SHREVEPORT, LA (KSLA) – An Ark-La-Tex teenage survivor of a flash flood disaster spoke for the first time about his ordeal. And it came on the very day the body of his little sister was found, making her the 20th victim.
First a little background: The rushing flood waters killed those campers early Friday (6/11/10) morning in southwest, Arkansas. It all happened in the Albert Pike Campgrounds, in the Ouachita National Forest, about 156-miles north of Shreveport.
14-year old Kyler Basinger may have returned home to Shreveport from the site of that horrible tragedy, but his heart and mind are still there. Now he holds on tight to the memory of his father Shane and two sisters, Jadyn and Kinsley who all perished in the flash flood. Jadyn was the 7-year old sister whose body was recovered on this Monday.
"We happened to be woken up like five minutes before, because our tent had a lot of water in it. And we were getting out to go run to the truck to sleep in the truck," began Kyler Basinger. Once this young man started recalling the events that unfolded next, he didn't stop until the end.
Kyler said he and the ten others in his party then quickly realized just how fast the water was rising at their camp site, along the Little Missouri River. "By the time they turned on the car and went to go back out it was already inside the car."
Basinger's father Shane, and members of the other family with them, quickly started putting kids in the back of the truck for safety. "Then we saw an RV floating by with people standing over it and it tipped over."
It only got worse from there because Basinger's truck then flipped upside down in the rushing water. "Then I was bumping through trees and underway most of the time, except a brief second that the water dipped and I come up and got some air," described Kyler.
That breath of air gave Kyler the moment he needed to gather his thoughts. "I grabbed on to a branch. It slowed me down a bit. But it broke. Then I hit a tree and just grabbed on."
But Kyler wasn't safe yet. "And I had two trees holding my leg under water and the water kept on rising and I was under water for like twenty seconds trying to free himself," added Basinger. Somehow he managed to escape before it was too late.
But he could also hear others not so lucky. "We could here screaming everywhere, 'help' and all that." All Kyler had the strength to do was hang on. He continued, "I just had my underwear on and I was in a tree. I was shaking, you know."
And the water just kept coming. "It was pinning me so hard against the tree I could like barely climb it." Two hours later, Kyler could finally climb all the way down that tall tree that saved his life. He soon joined others in helping rescue people still in peril, like a woman and small child about to be swept away.
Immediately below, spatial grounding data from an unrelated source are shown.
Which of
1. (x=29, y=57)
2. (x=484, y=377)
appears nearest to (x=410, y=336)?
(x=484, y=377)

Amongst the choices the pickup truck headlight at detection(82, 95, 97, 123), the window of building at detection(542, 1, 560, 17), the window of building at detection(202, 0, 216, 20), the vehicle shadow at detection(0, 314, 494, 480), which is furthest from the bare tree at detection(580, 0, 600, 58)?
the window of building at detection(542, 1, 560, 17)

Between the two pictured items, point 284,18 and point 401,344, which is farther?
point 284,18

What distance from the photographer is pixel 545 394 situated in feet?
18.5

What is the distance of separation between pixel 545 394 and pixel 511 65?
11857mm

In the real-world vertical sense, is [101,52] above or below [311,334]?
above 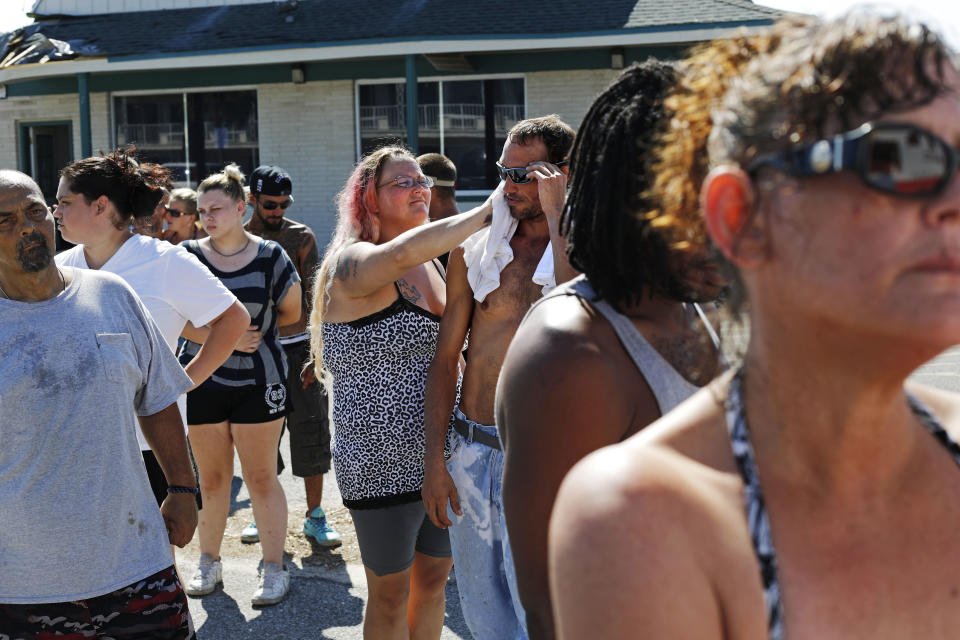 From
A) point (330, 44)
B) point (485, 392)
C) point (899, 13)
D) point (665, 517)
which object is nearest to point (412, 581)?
point (485, 392)

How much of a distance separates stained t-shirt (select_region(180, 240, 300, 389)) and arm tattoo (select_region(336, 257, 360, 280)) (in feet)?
5.10

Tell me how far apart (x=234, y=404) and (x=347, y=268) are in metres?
1.69

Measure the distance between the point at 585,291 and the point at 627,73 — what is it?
Result: 0.47 m

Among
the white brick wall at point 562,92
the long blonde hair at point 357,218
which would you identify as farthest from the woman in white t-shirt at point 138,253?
the white brick wall at point 562,92

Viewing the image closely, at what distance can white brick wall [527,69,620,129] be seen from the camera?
15.7 metres

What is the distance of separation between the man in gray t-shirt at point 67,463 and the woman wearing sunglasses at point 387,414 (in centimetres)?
91

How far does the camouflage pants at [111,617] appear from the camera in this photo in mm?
2920

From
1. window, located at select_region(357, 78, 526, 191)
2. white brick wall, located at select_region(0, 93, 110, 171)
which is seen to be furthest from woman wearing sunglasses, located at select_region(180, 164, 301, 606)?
white brick wall, located at select_region(0, 93, 110, 171)

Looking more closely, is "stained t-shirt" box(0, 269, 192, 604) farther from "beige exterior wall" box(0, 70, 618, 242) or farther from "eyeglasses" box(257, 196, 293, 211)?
"beige exterior wall" box(0, 70, 618, 242)

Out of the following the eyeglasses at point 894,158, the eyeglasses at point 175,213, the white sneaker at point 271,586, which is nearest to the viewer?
the eyeglasses at point 894,158

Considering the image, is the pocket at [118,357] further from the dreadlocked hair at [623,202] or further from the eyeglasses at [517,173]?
the dreadlocked hair at [623,202]

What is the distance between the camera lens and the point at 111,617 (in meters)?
2.95

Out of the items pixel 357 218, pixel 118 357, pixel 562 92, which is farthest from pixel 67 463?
pixel 562 92

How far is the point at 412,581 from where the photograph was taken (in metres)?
4.05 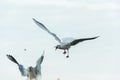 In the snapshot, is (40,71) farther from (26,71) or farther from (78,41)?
(78,41)

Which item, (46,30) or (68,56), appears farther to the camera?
(46,30)

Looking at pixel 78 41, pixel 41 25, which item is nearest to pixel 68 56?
pixel 78 41

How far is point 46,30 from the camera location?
5876 inches

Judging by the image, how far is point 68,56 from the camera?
140000mm

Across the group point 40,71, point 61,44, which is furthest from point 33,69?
point 61,44

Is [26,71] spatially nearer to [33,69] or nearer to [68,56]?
[33,69]

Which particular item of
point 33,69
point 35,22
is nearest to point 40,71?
point 33,69

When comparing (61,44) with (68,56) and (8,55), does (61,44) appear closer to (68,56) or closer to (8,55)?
(68,56)

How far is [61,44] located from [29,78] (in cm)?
1351

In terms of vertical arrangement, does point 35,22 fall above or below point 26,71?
above

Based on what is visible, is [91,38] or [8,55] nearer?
[91,38]

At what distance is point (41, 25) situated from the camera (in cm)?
15112

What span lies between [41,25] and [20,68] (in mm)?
11275

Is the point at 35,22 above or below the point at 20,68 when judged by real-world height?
above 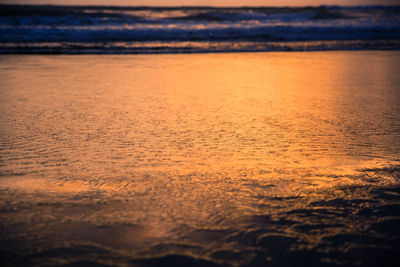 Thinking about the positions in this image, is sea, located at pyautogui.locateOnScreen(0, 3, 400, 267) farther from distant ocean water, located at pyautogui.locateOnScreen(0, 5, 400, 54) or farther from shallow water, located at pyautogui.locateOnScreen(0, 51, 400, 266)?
distant ocean water, located at pyautogui.locateOnScreen(0, 5, 400, 54)

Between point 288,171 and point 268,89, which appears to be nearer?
point 288,171

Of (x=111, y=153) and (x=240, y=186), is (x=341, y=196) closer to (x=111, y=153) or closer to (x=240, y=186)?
(x=240, y=186)

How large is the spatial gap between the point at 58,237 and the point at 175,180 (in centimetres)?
61

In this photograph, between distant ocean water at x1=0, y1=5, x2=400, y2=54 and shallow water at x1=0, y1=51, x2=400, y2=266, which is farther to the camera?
distant ocean water at x1=0, y1=5, x2=400, y2=54

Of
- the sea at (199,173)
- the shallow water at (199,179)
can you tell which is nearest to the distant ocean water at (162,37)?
the sea at (199,173)

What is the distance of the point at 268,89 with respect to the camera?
3.95 m

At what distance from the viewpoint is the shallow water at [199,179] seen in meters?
1.17

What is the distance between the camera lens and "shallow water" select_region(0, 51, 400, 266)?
117 centimetres

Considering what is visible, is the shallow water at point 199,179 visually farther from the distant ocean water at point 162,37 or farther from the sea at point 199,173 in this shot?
the distant ocean water at point 162,37

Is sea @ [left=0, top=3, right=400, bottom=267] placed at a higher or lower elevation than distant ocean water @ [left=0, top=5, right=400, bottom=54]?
lower

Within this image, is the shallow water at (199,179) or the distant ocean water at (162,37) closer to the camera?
the shallow water at (199,179)

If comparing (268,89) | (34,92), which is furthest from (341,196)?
(34,92)

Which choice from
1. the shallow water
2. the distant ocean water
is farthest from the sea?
the distant ocean water

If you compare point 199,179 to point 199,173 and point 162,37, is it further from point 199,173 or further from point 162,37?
point 162,37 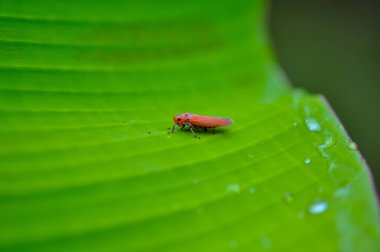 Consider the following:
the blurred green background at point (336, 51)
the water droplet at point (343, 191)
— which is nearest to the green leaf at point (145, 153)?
the water droplet at point (343, 191)

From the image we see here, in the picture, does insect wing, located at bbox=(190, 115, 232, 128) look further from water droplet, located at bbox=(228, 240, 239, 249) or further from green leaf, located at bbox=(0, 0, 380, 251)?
water droplet, located at bbox=(228, 240, 239, 249)

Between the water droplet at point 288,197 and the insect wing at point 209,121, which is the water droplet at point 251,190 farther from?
the insect wing at point 209,121

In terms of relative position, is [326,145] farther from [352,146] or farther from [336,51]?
[336,51]

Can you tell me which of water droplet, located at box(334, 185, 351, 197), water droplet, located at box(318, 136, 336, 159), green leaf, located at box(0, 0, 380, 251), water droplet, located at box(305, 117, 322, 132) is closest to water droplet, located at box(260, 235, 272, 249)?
green leaf, located at box(0, 0, 380, 251)

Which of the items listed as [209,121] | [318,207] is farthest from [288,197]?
[209,121]

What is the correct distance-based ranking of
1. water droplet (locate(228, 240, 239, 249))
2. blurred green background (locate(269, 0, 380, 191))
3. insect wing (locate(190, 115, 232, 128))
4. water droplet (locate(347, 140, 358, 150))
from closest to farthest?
water droplet (locate(228, 240, 239, 249))
water droplet (locate(347, 140, 358, 150))
insect wing (locate(190, 115, 232, 128))
blurred green background (locate(269, 0, 380, 191))

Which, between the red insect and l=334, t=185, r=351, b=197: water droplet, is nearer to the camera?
l=334, t=185, r=351, b=197: water droplet

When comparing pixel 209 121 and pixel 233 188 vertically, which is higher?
pixel 209 121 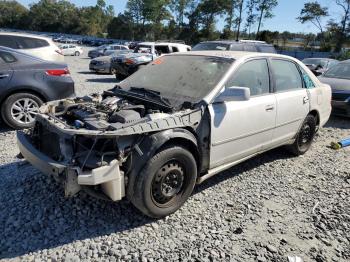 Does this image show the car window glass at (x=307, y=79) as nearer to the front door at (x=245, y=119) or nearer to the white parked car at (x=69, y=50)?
the front door at (x=245, y=119)

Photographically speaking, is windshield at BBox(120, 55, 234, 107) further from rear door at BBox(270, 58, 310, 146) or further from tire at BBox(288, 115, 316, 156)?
tire at BBox(288, 115, 316, 156)

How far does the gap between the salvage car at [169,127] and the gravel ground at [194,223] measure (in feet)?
1.02

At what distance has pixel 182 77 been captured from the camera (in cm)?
410

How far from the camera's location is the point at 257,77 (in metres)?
4.33

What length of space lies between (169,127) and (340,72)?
776cm

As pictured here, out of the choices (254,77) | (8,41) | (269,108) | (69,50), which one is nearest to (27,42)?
(8,41)

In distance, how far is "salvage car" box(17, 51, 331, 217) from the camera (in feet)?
10.1

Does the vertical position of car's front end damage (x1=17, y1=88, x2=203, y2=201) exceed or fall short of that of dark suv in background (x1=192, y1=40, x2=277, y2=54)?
it falls short

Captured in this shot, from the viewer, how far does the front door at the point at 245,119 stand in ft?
12.3

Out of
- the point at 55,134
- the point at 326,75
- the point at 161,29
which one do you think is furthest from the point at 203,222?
the point at 161,29

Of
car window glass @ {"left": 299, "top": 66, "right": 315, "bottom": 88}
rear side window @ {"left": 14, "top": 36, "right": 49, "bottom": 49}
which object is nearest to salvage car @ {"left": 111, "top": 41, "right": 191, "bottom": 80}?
rear side window @ {"left": 14, "top": 36, "right": 49, "bottom": 49}

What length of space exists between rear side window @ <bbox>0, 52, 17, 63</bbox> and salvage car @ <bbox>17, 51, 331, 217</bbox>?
262cm

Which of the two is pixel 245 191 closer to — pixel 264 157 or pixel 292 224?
pixel 292 224

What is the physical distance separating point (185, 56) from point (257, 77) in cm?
100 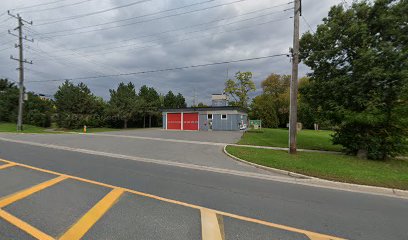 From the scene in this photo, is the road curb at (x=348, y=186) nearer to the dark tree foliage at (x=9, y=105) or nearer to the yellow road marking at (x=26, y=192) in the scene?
the yellow road marking at (x=26, y=192)

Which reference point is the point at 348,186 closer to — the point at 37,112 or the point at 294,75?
the point at 294,75

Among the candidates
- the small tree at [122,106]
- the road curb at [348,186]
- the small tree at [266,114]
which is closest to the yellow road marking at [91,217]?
the road curb at [348,186]

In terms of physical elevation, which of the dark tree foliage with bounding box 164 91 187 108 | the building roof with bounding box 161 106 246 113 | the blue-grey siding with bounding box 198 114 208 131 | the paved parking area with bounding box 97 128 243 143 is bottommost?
the paved parking area with bounding box 97 128 243 143

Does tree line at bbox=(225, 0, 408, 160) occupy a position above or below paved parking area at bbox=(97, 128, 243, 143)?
above

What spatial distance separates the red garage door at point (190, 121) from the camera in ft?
98.3

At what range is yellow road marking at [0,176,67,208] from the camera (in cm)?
438

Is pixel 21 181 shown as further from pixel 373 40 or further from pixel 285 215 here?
pixel 373 40

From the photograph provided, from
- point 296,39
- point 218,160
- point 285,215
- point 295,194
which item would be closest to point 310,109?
point 296,39

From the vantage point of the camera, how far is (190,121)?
3025cm

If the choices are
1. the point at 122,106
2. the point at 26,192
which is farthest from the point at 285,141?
the point at 122,106

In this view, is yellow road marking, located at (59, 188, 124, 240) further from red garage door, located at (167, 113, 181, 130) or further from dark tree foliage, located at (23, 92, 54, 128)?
dark tree foliage, located at (23, 92, 54, 128)

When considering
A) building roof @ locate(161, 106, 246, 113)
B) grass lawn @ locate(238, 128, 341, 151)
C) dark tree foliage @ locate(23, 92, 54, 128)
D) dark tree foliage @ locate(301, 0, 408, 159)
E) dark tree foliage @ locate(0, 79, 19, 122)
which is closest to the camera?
dark tree foliage @ locate(301, 0, 408, 159)

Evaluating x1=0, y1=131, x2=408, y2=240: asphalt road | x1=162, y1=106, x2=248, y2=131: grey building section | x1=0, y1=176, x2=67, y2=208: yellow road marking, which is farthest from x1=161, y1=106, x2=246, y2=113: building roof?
x1=0, y1=176, x2=67, y2=208: yellow road marking

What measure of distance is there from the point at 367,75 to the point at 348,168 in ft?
13.9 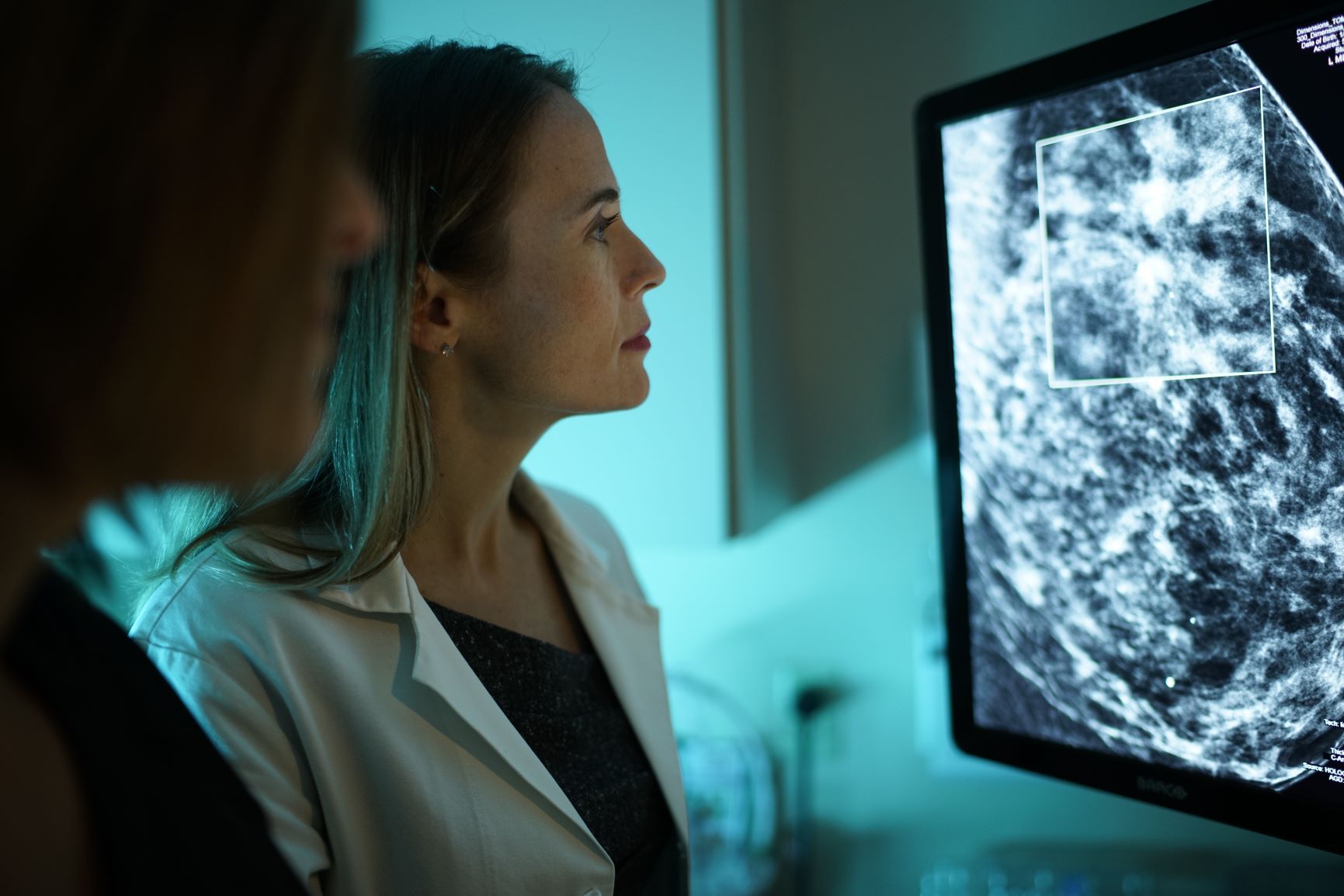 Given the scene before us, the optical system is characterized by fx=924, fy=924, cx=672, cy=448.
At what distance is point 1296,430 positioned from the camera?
2.16 feet

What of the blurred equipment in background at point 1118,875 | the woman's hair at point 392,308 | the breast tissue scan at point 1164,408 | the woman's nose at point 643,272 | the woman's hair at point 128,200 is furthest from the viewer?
the blurred equipment in background at point 1118,875

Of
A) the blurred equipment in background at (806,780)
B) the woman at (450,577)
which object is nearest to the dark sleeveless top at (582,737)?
the woman at (450,577)

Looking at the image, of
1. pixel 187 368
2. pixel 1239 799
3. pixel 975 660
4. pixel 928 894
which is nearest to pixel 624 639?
pixel 975 660

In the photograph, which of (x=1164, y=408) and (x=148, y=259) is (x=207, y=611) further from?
(x=1164, y=408)

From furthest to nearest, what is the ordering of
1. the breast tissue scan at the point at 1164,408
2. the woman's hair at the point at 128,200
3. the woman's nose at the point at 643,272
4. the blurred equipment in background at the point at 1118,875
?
1. the blurred equipment in background at the point at 1118,875
2. the woman's nose at the point at 643,272
3. the breast tissue scan at the point at 1164,408
4. the woman's hair at the point at 128,200

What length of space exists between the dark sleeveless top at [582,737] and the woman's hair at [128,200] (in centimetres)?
54

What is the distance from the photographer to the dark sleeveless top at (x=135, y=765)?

Kyler recounted: "So we went over there and did a chain-link thing, where we held on to each other and passed the kid down to the bank." They repeated the process to save the woman next.
Freezing cold and most likely in shock, Kyler and a few others wandered around a bit before sitting down and waiting for the emergency crews to arrive at their location.
Even now, Kyler Basinger seems emotionally numb to the ordeal, one of only five of the eleven, in his group, to survive. "I don't think I've taken it all in," concluded the soon-to-be high school freshman at Captain Shreve High School.
An account has been set up for the Basinger family at Region's Bank. KSLA News 12 is told people can visit any branch and ask about the account to make a donation.